For me, this will be a challenge like no other as I have Cystic Fibrosis.
Cystic Fibrosis is a life shortening, genetic condition that slowly destroys the lungs and digestive system.
5 babies are born and 2 people die with C.F each week. 50% will not live to celebrate their 40th birthday.

I started running to act as a positive role model for my children, Skye (a carrier of the C.F gene) and Preston (with C.F)
My aim is to raise awareness and encourage others with C.F to be ambitious and chase their dreams.
Nothing is impossible and my wish is that by crossing the finish line I will offer hope to others.

Running has become an essential part of my treatment, helping to clear the thick mucous from my lungs, which attract the harmful bugs which cause lung damage and progression of C.F.

We have to set aside many hours in our day for treatments, including physiotherapy, breathing techniques, oral, nebulised and intravenous drugs.

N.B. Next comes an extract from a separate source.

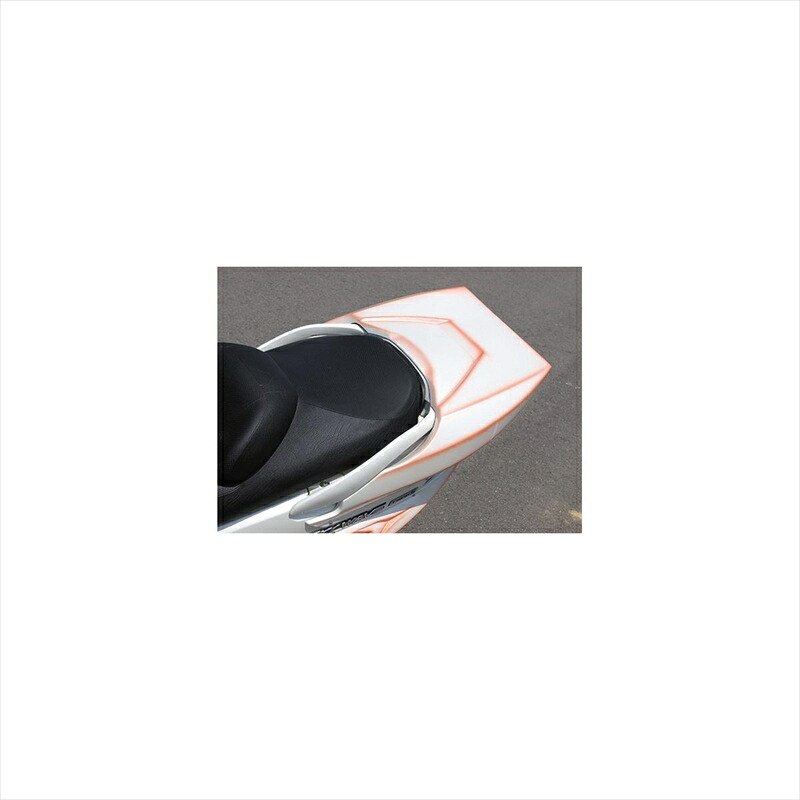 バイクパーツ 外装 サイタニヤファクトリー リアスポイラー/マッドブラック 3SSWRS02-A1-B2 4547424551498 SKYWAVE(43A)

I am fundraising to support my little boy, Preston, who also has Cystic Fibrosis.
Preston will need continued medical/physiotherapy equipment to ensure he has the best quality of life as he grows into a strong young man.

With CF life expectancy hanging over us, I am determined to provide Preston with the best quality of life so that he can one day step into his mummys running shoes and continue to raise awareness and funds for our C.F. community.

Once my target has been reached I will be donating 50% to the C.F. trust to fund research Into vital drugs and research into a cure.

Thank you for taking the time to read my story.